# 📊 Multi-Source Data Aggregation for Market Context Modeling

This notebook builds a consolidated pipeline for collecting and merging:

- **Market data** from Yahoo Finance  
- **Macroeconomic indicators** from the FRED API  
- **Sentiment signals** from Google Trends  

These sources power downstream analysis and modeling for the Pendle project.

## 📦 Setup & Imports

In [None]:
import sys, os
import pandas as pd
sys.path.append(os.path.abspath("../scripts"))

## 📈 Market Data: Yahoo Finance

Daily OHLCV data for:
- `^GSPC`, `^IXIC`, `^VIX`, `BTC-USD`  
📁 Output: `../data/raw/yahoo_market_data.csv`

In [None]:
from fetch_yahoo import fetch_market_data

# ⚠️ UNCOMMENT TO RUN ONCE
# market_df = fetch_market_data(start="2000-01-01", save_path="../data/raw/yahoo_market_data.csv")

# ✅ Load from cache
market_df = pd.read_csv("../data/raw/yahoo_market_data.csv", index_col=0, parse_dates=True)
print("📅 Yahoo Finance Date Range:", market_df.index.min(), "→", market_df.index.max())
market_df.head()

## 📊 Macroeconomic Indicators: FRED

Selected indicators:
- Bond Yields (`DGS10`)
- Inflation (`CPIAUCSL`)
- Unemployment (`UNRATE`)
- Interest Rates (`FEDFUNDS`)
- Consumer Sentiment (`UMCSENT`)
- GDP (`GDP`)  
📁 Output: `../data/raw/fred_macro_data.csv`

In [None]:
from fetch_fred import fetch_fred_series

fred_series = {
    "Bond Yields": "DGS10",
    "Inflation": "CPIAUCSL",
    "Unemployment": "UNRATE",
    "Interest Rate": "FEDFUNDS",
    "Consumer Sentiment": "UMCSENT",
    "GDP": "GDP"
}

# ⚠️ UNCOMMENT TO RUN ONCE
# macro_df = fetch_fred_series(fred_series, start="2000-01-01", save_path="../data/raw/fred_macro_data.csv")

# ✅ Load from cache
macro_df = pd.read_csv("../data/raw/fred_macro_data.csv", index_col=0, parse_dates=True)
print("📅 FRED Date Range:", macro_df.index.min(), "→", macro_df.index.max())
macro_df.head()

## 🧠 Sentiment Signals: Google Trends

Terms:
- `"market crash"`, `"recession"`, `"buy gold"`, `"stock market crash"`  
📁 Output: Chunked into 5 raw files → merged to `../data/processed/google_trends_full.csv`

In [None]:
from fetch_sentiment import fetch_google_trends_by_year

terms = ["market crash", "recession", "buy gold", "stock market crash"]

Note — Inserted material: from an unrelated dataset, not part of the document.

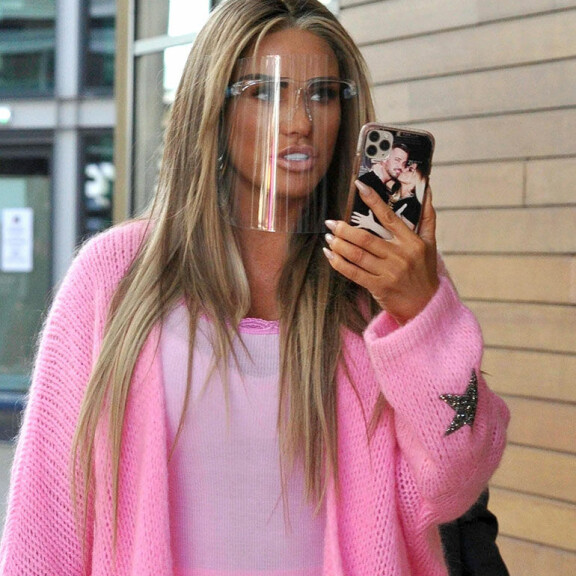 Ihmeparantuminen?! Povipommi Katie Price kertoi vammautuneensa loppuiäkseen - uudet paparazzikuvat paljastavat jotain muuta: Katso! Katie Price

### ✅ Load and Merge Sentiment Chunks

In [None]:
sentiment_chunks = ["2004_2007", "2008_2011", "2012_2015", "2016_2019", "2020_2025"]

dfs = []
for span in sentiment_chunks:
    df = pd.read_csv(f"../data/raw/google_trends_{span}.csv", index_col=0, parse_dates=True)
    print(f"📅 Trends Chunk {span}:", df.index.min(), "→", df.index.max())
    dfs.append(df)

sentiment_df = pd.concat(dfs).sort_index()
sentiment_df.to_csv("../data/processed/google_trends_full.csv")
print("✅ Final merged sentiment dataset saved.")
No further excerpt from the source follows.